The compound A on heating gives a colourless gas and a residue that is dissolved in water to obtain B. Excess of $ C{{O}_{2}} $ ​ is bubbled through an aqueous solution of B,C is formed which is recovered in the solid form. Solid C on gentle heating gives back A. The compound A is:
(A) $ CaC{{O}_{3}} $
(B) $ N{{a}_{2}}C{{O}_{3}} $
(C) $ {{K}_{2}}C{{O}_{3}} $
(D) $ CaS{{O}_{4}}\cdot 2{{H}_{2}}O $

Answer 1

Hint :According to the question, compound X on heating a colourless gas. That colourless gas is carbon dioxide. On passing excess carbon dioxide gas, the colorless calcium bicarbonate is formed.
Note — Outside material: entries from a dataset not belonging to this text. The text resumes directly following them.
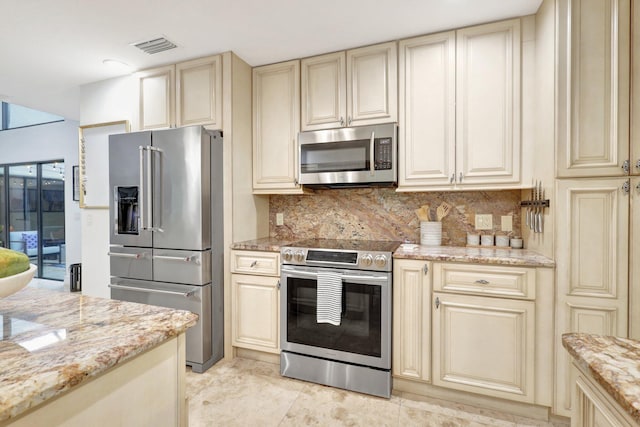 kitchen with light stone counters, cream cabinets, backsplash, and stainless steel appliances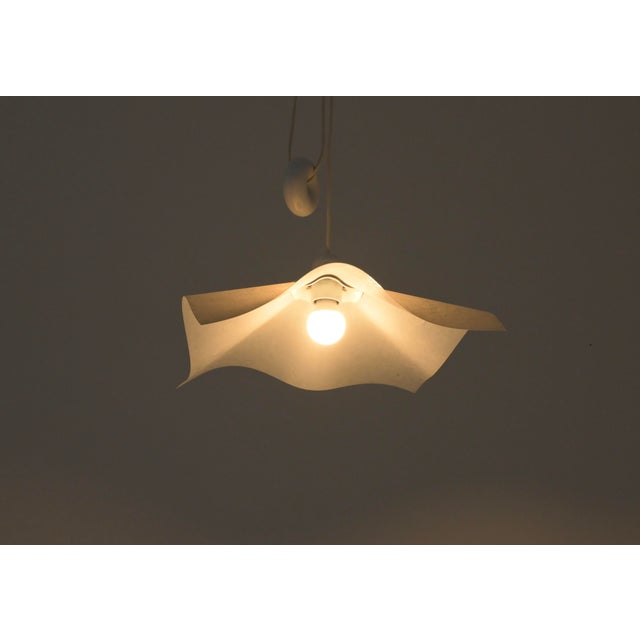 Mario Bellini's paper and plastic pendant light with a donut-shaped counterweight, model: Area 50. Easily height-...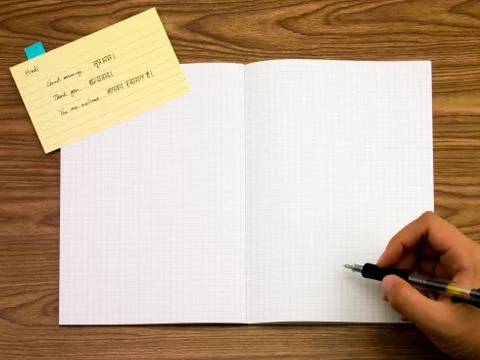 Hindi; Learning New Language Writing Words on the Notebook Stock Photos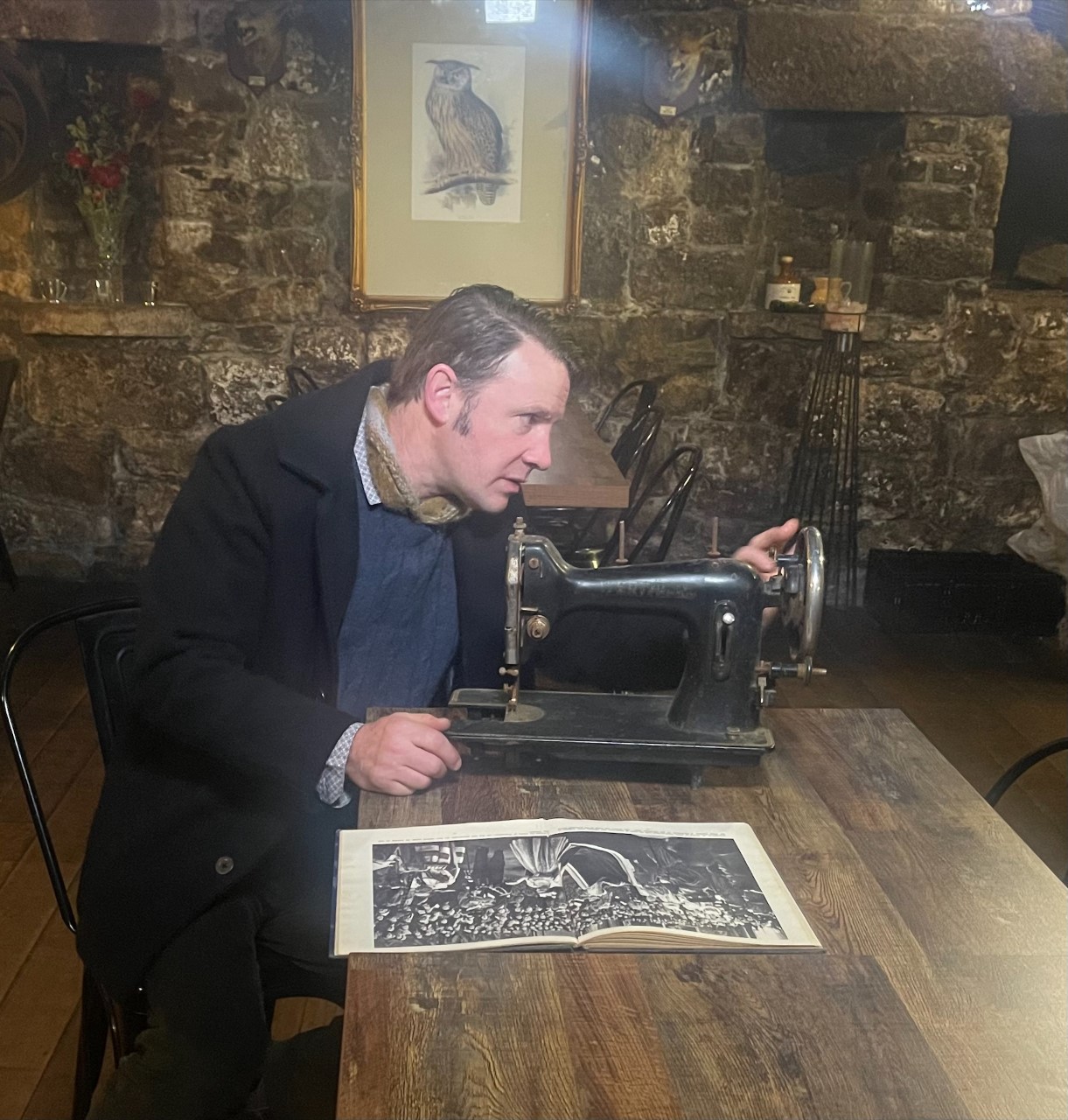 Curator of Public History Jon Addison looking at an old sewing machine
Complete Step By Step Answer:
 We can write the reactions according to the given question as Compound X on heating gives a colorless gas (Carbon dioxide) along with the residue (Calcium Oxide)
 $ CaC{{O}_{3}}\xrightarrow{\Delta }CaO+C\uparrow $
The residue (Calcium Oxide) is dissolved in water to obtain Y (Calcium Hydroxide)
 $ CaO+{{H}_{2}}O\to Ca{{\left( OH \right)}_{2}} $
Excess carbon dioxide is bubbled through an aqueous solution of Y (Calcium Hydroxide) to form Z (Calcium Bicarbonate). $ Ca{{\left( OH \right)}_{\text{2}}}\text{+}2\text{C}{{O}_{2}}\xrightarrow{Excess}\text{ Ca}{{\left( HC{{O}_{3}} \right)}_{2}} $
Z (Calcium Bicarbonate) on gently heating gives back X (Calcium Carbonate).
 $ Ca{{\left( HC{{O}_{3}} \right)}_{2}}\xrightarrow{\Delta }\text{ }CaC{{O}_{3}}+C{{O}_{2}}\uparrow +{{\text{H}}_{\text{2}}}O $
From the above reactions, we can see that the compound
X is $ CaC{{O}_{3}} $ Calcium carbonate;
 Y is $ Ca{{(OH)}_{2}} $ Calcium hydroxide;
 Z is $ Ca{{(HC{{O}_{3}})}_{2}} $ Calcium bicarbonate.
Therefore, Correct answer is option A, i.e. $ CaC{{O}_{3}} $ .

Note :
When excess carbon dioxide gas is passed through calcium hydroxide (compound Y), it turns milky due to the formation of the calcium carbonate (compound X) as a precipitate which is insoluble in water and then become colorless due to the formation of calcium bicarbonate (compound Z).